When does Erlang's parallelism overcome its weaknesses in numeric computing?

Jon Smock picture Jon Smock · Aug 20, 2009 · Viewed 10.9k times · Source

With all the hype around parallel computing lately, I've been thinking a lot about parallelism, number crunching, clusters, etc...

I started reading Learn You Some Erlang. As more people are learning (myself included), Erlang handles concurrency in a very impressive, elegant way.

Then the author asserts that Erlang is not ideal for number crunching. I can understand that a language like Erlang would be slower than C, but the model for concurrency seems ideally suited to things like image handling or matrix multiplication, even though the author specifically says its not.

Is it really that bad? Is there a tipping point where Erlang's strength overcomes its local speed weakness? Are/what measures are being taken to deal with speed?

To be clear: I'm not trying to start a debate; I just want to know.

Answer

Warren Young picture Warren Young · Aug 24, 2009

It's a mistake to think of parallelism as only about raw number crunching power. Erlang is closer to the way a cluster computer works than, say, a GPU or classic supercomputer.

In modern GPUs and old-style supercomputers, performance is all about vectorized arithmetic, special-purpose calculation hardware, and low-latency communication between processing units.
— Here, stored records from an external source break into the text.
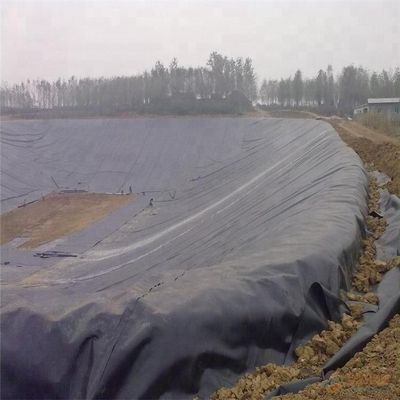 HDPE 지오 엠브레인 300 롤 물탱크 농장 연못 펌프용 플라스틱 라인어 너비 2m-8m 파란색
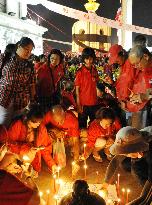 Thaksin supporters commemorate clampdown victims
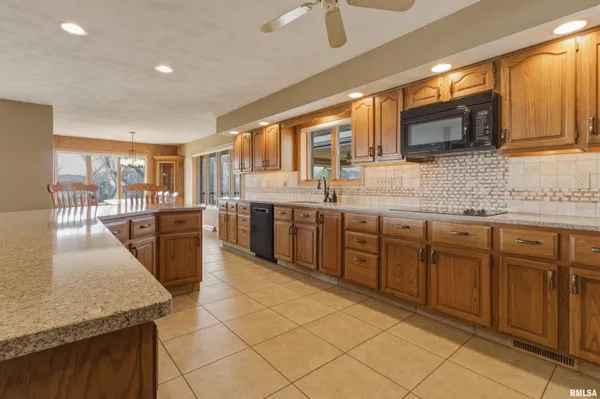 $760,000 | 868 East County Highway, Table Grove, IL 61482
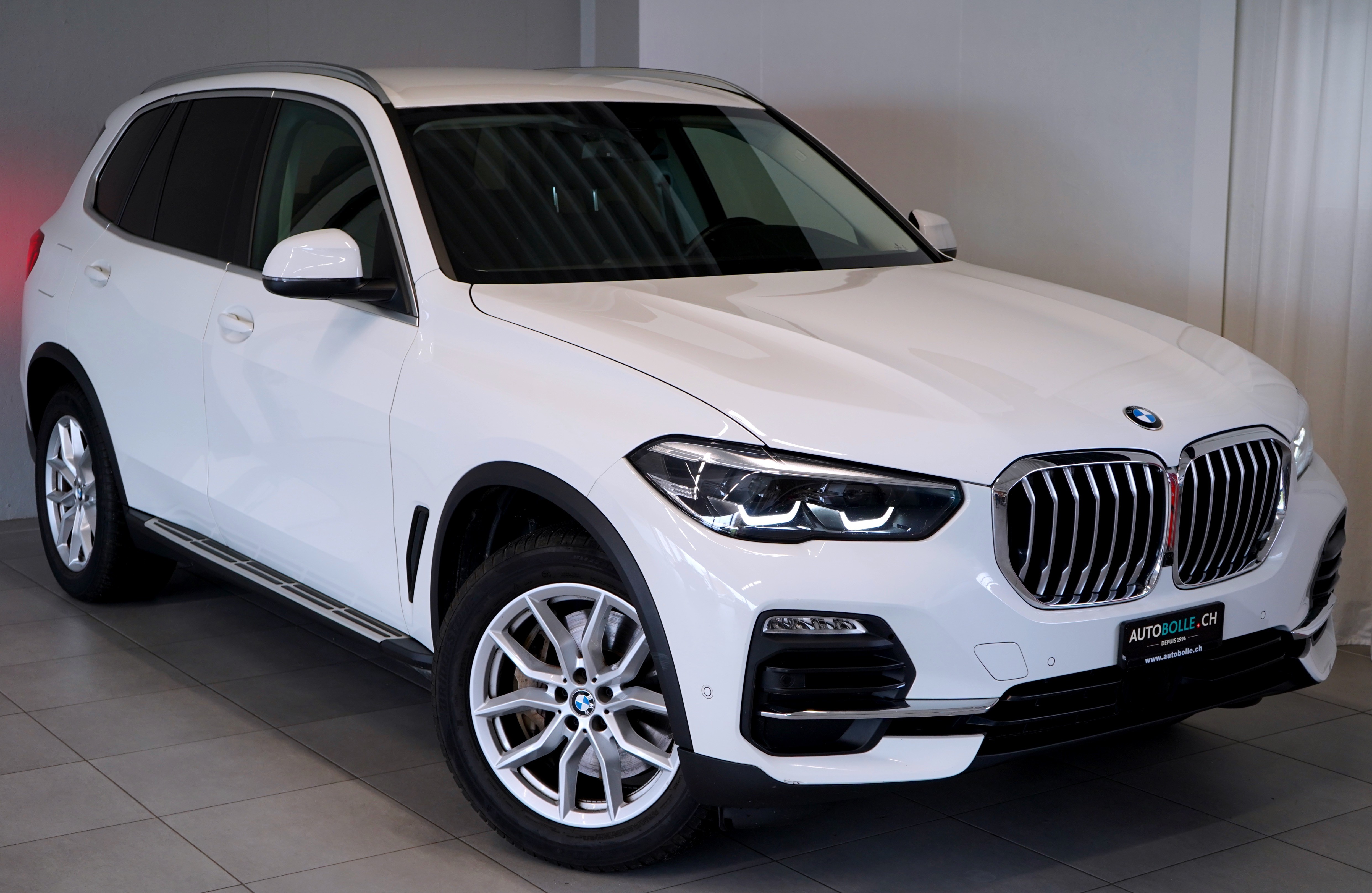 BMW X5 xDrive45e xLine (SUV / Geländewagen) BMW X5 xDrive45e xLine (SUV / Geländewagen)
Because communication latency is low and each individual computing unit is very fast, the ideal usage pattern is to load the machine's RAM up with data and have it crunch it all at once. This processing might involve lots of data passing among the nodes, as happens in image processing or 3D, where there are lots of CPU-bound tasks to do to transform the data from input form to output form. This type of machine is a poor choice when you frequently have to go to a disk, network, or some other slow I/O channel for data. This idles at least one expensive, specialized processor, and probably also chokes the data processing pipeline so nothing else gets done, either.

If your program requires heavy use of slow I/O channels, a better type of machine is one with many cheap independent processors, like a cluster. You can run Erlang on a single machine, in which case you get something like a cluster within that machine, or you can easily run it on an actual hardware cluster, in which case you have a cluster of clusters. Here, communication overhead still idles processing units, but because you have many processing units running on each bit of computing hardware, Erlang can switch to one of the other processes instantaneously. If it happens that an entire machine is sitting there waiting on I/O, you still have the other nodes in the hardware cluster that can operate independently. This model only breaks down when the communication overhead is so high that every node is waiting on some other node, or for general I/O, in which case you either need faster I/O or more nodes, both of which Erlang naturally takes advantage of.

Communication and control systems are ideal applications of Erlang because each individual processing task takes little CPU and only occasionally needs to communicate with other processing nodes. Most of the time, each process is operating independently, each taking a tiny fraction of the CPU power. The most important thing here is the ability to handle many thousands of these efficiently.

The classic case where you absolutely need a classic supercomputer is weather prediction. Here, you divide the atmosphere up into cubes and do physics simulations to find out what happens in each cube, but you can't use a cluster because air moves between each cube, so each cube is constantly communicating with its 6 adjacent neighbors. (Air doesn't go through the edges or corners of a cube, being infinitely fine, so it doesn't talk to the other 20 neighboring cubes.) Run this on a cluster, whether running Erlang on it or some other system, and it instantly becomes I/O bound.